Psychologists at Stanford University decided to find out. They recruited 223 volunteers and told them that they would be helping them create personalized fitness and diet programs based on the volunteers’ genetic predispositions. They tested some patients’ aerobic fitness on a treadmill, while others had their blood drawn after drinking a caloric shake. Then, they collected saliva for genetic testing.

In the next session, participants received the results of this genetic testing—all of which were made up and distributed randomly.

What happened next was incredible. The volunteers had their fitness and hunger tested again, now knowing the fake test results. Not only did the people who were told they had the worse exercise gene quit running sooner than they had previously, but the oxygen uptake of their lungs was actually hindered on a biological level.

Once participants thought that they were genetically predisposed to be worse at aerobic activities, their bodies actually acted like they were worse at aerobic activities on a cellular level.

Those who thought their genetic tests proved a predisposition for hunger not only reported feeling hungrier after drinking the shake a second time, but there were higher levels of hunger hormones in their blood than before they got their made-up results. Their bodies actually were hungrier—it wasn’t all in their heads.

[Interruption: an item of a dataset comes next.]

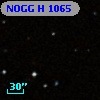 NOGG H 1065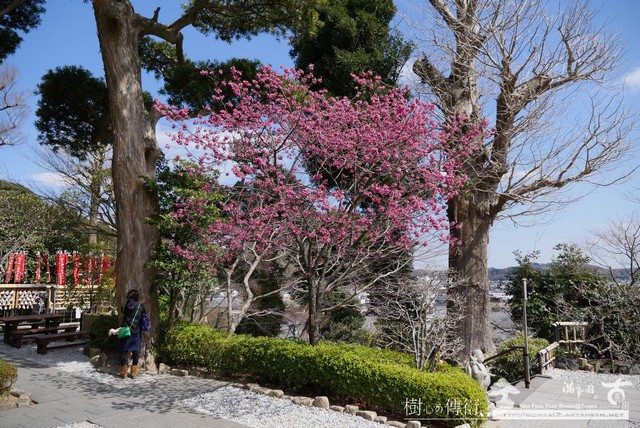 滿峯園古美樹長谷寺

This means that what we believe to be true actually affects our bodily functions on a biological level. Genes or not, our belief systems affect our .

So, before you get your genes tested, carefully weigh the potential downsides. While knowing your risks is great, you can never unknow them. We’ve known for a long time that our genes are malleable—that genetic tests aren’t necessarily a sentencing—but this new study raises concerns.

When we know that our genes are programmed to behave a certain way, the simple act of taking that to heart could cause those genetic expressions to become true. It may seem a little wild, but our beliefs and thoughts hold more power than we give them credit for.